Optional maximum capacity.
Insertion and removal operations that block when collection is empty or full.
Insertion and removal "try" operations that do not block or that block up to a specified period of time.
Encapsulates any collection type that implements IProducerConsumerCollection(Of T)
Cancellation with cancellation tokens.
Two kinds of enumeration with foreach (For Each in Visual Basic):
-Read-only enumeration.
-Enumeration that removes items as they are enumerated.
itemId is just a variable that holds the fake payload. Producers will increment it by one to simulate a different object instance, or unit of work. You just change the type the BlockingCollection holds...
Now I'm not doing this in a FIFO way (which I will in production), but you can either do that, or even a FILO, as per Microsoft:
When you create a BlockingCollection(Of T) object, you can specify not
only the bounded capacity but also the type of collection to use.
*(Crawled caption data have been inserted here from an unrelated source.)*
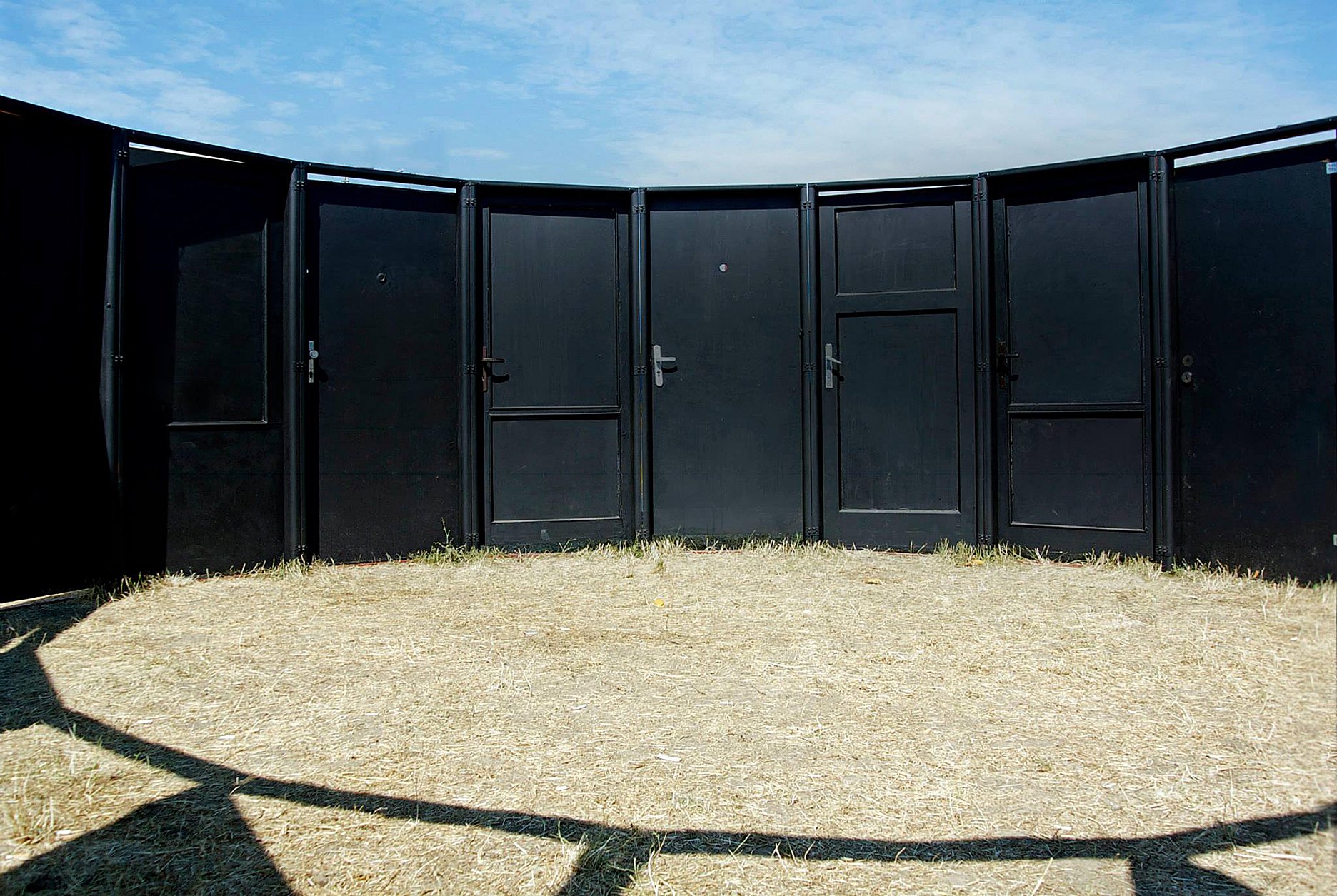 Projekt The Doors od OZ WOVEN na festivale Pohoda. 2015 –  2017. 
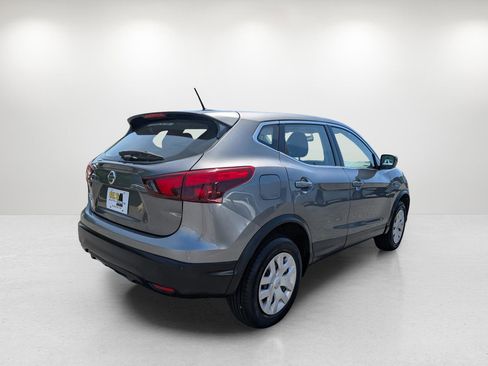 Used 2018 Nissan Rogue Sport S image 5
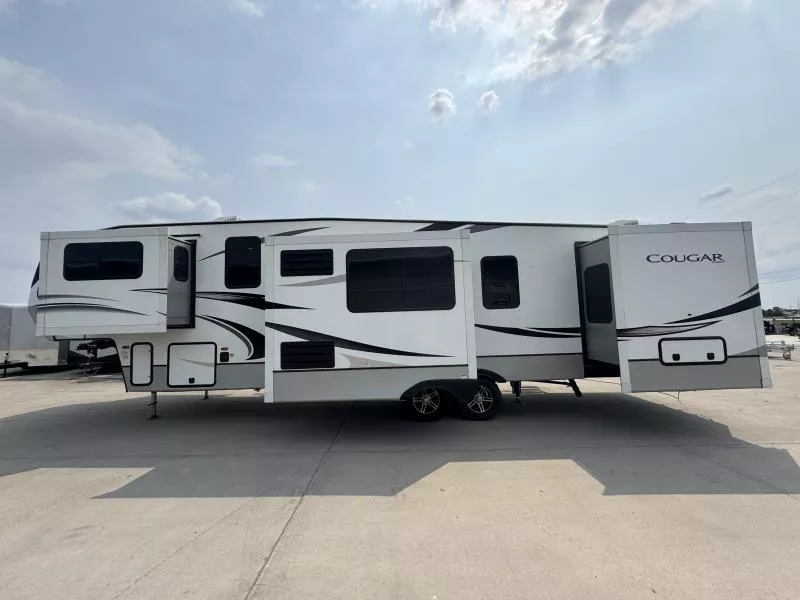 used Travel Trailers Keystone RV Keystone RV for sale, in Fargo, ND Thumbnail 6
For
example, you could specify a ConcurrentQueue(Of T) object for first
in, first out (FIFO) behavior, or a ConcurrentStack(Of T) object for
last in, first out (LIFO) behavior.
Now THAT is useful! Here in this demo, I did it all willy-nilly... But like I said, for my specific need, I need FIFO, as in the diagram at the top...
Later, you will see the functions and subroutines, but the real magic here is in 2 collections-one for Producers and one for Consumers:
Dim ProducerCTSs As New ConcurrentBag(Of CancellationTokenSource)
Dim ConsumerCTSs As New ConcurrentBag(Of CancellationTokenSource)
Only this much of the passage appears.